そうやって考えていくと、「マーケターとして必要なスキル」は本当に幅広くなります。だからこそ、求められるスキルの全体像を見える化して育成に取り組むことが大事だなと考えています。それを踏まえて、いま取り組んでいるのが、自社独自でマーケターの「スキルマップ」を作ることです。

黒澤:
そのスキルマップ、見たいです!

古庄:
まだたたき台なので、完成したらぜひご意見をください(笑)。

黒澤:
僕も、よくある曼荼羅タイプのスキルマップを、自社の人材育成で使っています。自分が今この中のどのスキルを持っているのか、今後どの領域を学んでいくのが今の事業に必要なのかをマーケターに考えさせています。

古庄:
色がついているのは、領域を示す部分ですね。

黒澤:
はい。例えば、経営戦略・事業開発領域で、ファイナンスのことを学ぶ、経営目標を決めるなどですね。他にもデータ分析の領域や集客領域などいろいろマッピングしており、これを見ながら「ここは得意だけど、もう1個こっちの方も学んだほうが良いね」といった感じに使います。

古庄:
1人で全部網羅できているマーケターがいれば最強ですが、かなり厳しいですよね(笑)。

黒澤:
このスキルマップですが、組織で意見を出し合い、オリジナルのものをマッピングしていくのが大切です。
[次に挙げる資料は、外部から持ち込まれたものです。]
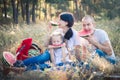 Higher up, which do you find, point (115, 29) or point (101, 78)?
point (115, 29)

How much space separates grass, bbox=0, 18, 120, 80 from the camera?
6531mm

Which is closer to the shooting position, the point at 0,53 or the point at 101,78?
the point at 101,78

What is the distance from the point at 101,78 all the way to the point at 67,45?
2.32 feet

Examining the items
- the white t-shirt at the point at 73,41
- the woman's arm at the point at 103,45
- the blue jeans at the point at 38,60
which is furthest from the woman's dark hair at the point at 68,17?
the blue jeans at the point at 38,60

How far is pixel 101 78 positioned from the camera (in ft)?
21.2

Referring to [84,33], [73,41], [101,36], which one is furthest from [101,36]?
[73,41]

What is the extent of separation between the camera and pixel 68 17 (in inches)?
265

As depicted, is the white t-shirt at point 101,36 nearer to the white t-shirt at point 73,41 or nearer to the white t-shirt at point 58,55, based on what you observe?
the white t-shirt at point 73,41

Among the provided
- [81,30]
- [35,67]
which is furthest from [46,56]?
[81,30]

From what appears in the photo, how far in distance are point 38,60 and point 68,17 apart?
77 centimetres

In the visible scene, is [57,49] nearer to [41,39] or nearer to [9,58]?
[41,39]

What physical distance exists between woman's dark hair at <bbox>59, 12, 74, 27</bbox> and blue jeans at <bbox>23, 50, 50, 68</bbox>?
536 millimetres

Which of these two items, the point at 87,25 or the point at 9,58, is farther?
the point at 9,58

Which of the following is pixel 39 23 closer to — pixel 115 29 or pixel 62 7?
pixel 62 7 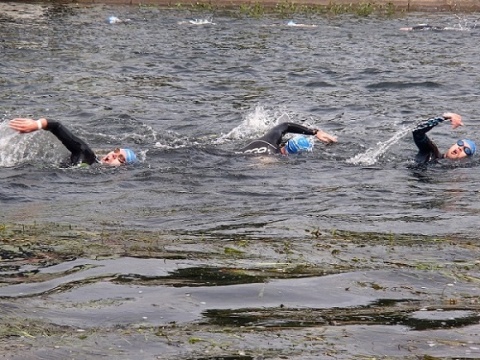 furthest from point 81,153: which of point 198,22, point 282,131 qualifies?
point 198,22

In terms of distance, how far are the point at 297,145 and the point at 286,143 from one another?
1.02 ft

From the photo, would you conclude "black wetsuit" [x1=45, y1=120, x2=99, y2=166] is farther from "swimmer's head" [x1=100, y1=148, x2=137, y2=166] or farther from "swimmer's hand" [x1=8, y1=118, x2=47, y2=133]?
"swimmer's hand" [x1=8, y1=118, x2=47, y2=133]

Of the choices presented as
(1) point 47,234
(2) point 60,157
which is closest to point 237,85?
(2) point 60,157

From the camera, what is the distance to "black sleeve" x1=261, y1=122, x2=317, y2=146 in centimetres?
1469

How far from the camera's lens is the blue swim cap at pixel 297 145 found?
14.7 m

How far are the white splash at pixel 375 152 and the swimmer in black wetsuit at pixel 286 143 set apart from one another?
497mm

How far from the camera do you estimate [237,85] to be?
21859mm

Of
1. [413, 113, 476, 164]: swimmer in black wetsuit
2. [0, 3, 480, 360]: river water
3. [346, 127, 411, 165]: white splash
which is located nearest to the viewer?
[0, 3, 480, 360]: river water

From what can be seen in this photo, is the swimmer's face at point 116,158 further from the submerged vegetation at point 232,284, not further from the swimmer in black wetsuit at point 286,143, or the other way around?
the submerged vegetation at point 232,284

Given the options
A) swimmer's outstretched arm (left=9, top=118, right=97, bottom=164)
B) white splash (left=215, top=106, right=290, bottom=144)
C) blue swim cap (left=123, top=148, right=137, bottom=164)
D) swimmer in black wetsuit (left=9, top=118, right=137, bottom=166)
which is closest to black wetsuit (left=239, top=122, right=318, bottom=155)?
white splash (left=215, top=106, right=290, bottom=144)

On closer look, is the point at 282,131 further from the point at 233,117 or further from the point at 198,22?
the point at 198,22

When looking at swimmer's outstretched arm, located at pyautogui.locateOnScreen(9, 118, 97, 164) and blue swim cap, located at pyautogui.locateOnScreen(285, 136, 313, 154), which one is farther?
blue swim cap, located at pyautogui.locateOnScreen(285, 136, 313, 154)

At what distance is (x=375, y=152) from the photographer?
49.5ft

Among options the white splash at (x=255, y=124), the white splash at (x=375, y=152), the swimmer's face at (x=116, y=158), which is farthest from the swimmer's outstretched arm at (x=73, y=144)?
the white splash at (x=375, y=152) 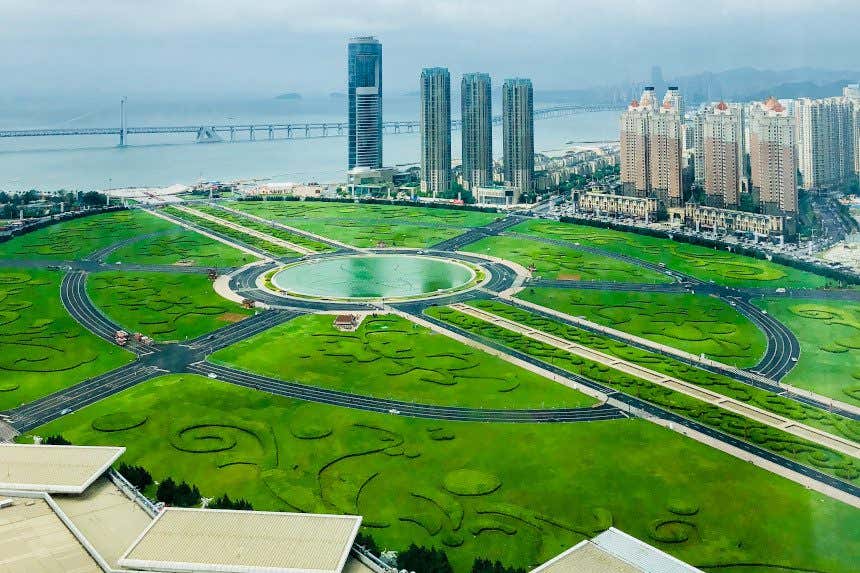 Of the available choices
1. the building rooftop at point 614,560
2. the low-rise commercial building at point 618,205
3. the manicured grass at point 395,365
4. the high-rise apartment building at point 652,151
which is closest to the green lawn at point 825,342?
the manicured grass at point 395,365

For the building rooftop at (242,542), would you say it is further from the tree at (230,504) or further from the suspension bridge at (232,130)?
the suspension bridge at (232,130)

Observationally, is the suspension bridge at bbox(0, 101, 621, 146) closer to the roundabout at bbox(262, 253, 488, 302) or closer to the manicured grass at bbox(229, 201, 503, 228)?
the manicured grass at bbox(229, 201, 503, 228)

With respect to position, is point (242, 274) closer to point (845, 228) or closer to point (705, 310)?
point (705, 310)

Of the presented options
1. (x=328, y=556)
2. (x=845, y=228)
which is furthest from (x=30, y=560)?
(x=845, y=228)

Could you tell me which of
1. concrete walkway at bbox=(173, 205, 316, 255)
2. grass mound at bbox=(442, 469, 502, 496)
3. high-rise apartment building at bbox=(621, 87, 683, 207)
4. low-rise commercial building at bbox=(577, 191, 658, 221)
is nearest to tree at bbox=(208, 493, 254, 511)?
grass mound at bbox=(442, 469, 502, 496)

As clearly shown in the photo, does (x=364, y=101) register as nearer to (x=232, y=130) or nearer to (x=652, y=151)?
(x=652, y=151) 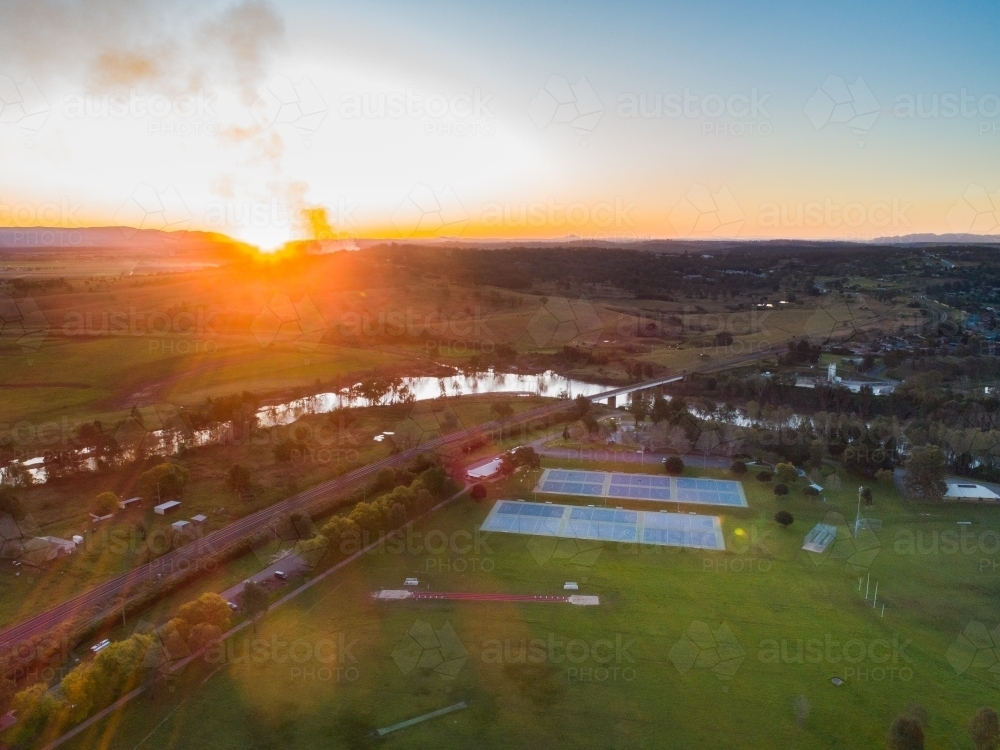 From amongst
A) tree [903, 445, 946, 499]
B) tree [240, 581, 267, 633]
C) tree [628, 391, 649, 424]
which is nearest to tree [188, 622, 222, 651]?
tree [240, 581, 267, 633]

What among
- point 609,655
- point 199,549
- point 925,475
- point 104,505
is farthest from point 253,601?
point 925,475

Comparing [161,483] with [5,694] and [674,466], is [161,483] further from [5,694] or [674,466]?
[674,466]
「ここのスキルはこの人が持っている、ここはあの人が」…というように。経営戦略ばっかり考えている人たちが集まっても、当然マーケティングは成功しませんので。

戦略を描く人の方が偉いと思われがちなんですが、それは特性の問題やこれまでの経験に由来することであって、マーケティングにはチャネル開発のような特定領域を最適化する能力も大切です。スキルマップを使って個々の特性を見極めると共に、施策ごとに適性がある人をアサインした方が良いですね。

古庄:
「組み合わせる」という考え方、また、「作っていくプロセス自体」が非常に意味がありますよね。スキルマップを作る議論の過程で、マーケターが今後身につけるべき能力が言語化されて共通認識になったり、いま組織として足りていない領域や専門性が明らかになっていきますね。

黒澤:
ちなみに、スキルマップの大カテゴリーはどこまで入れていますか?僕の場合は、ポータブルスキルといわれるプロジェクトマネジメントスキル、データ分析スキルあたりも主流だと考えて入れ込んでいるのですが。古庄さんの事業ですと、それこそ営業理解みたいなところまで広げることができますよね。

古庄:
広がりますね。だから難しいです(笑)。スキルマップのゴールイメージとしては、いわゆるCMO(最高マーケティング責任者)かなと思っています。その中でビジネスパーソンとして普遍的、また経営層としての知識は一旦置いておいて、「たたき上げからCMOになるまでに、こういうものが必要だよね」という視点でカテゴリーを選んでいます。

黒澤:
つまり自社のCMOを定義して逆算しているんですね。それは一番わかりやすいかもしれない。もしくは、理想のCMO像を作るのも1つの方法かもしれませんね。

古庄:
スキルマップですが、完成して終わりではなく、きちんと運営して人材育成に生かす、また定期的にマップ自体を見直すことも重要だなと思ってます。

黒澤:
そうですね。話が少し戻りますが、マーケター育成においては、ブランド愛が強い人材を配置するのも重要だと思います。そういう方がいると、自ら進んでスキルを身につけていきますし、ブランドの価値を言語化できるので、施策の成功確率が上がります。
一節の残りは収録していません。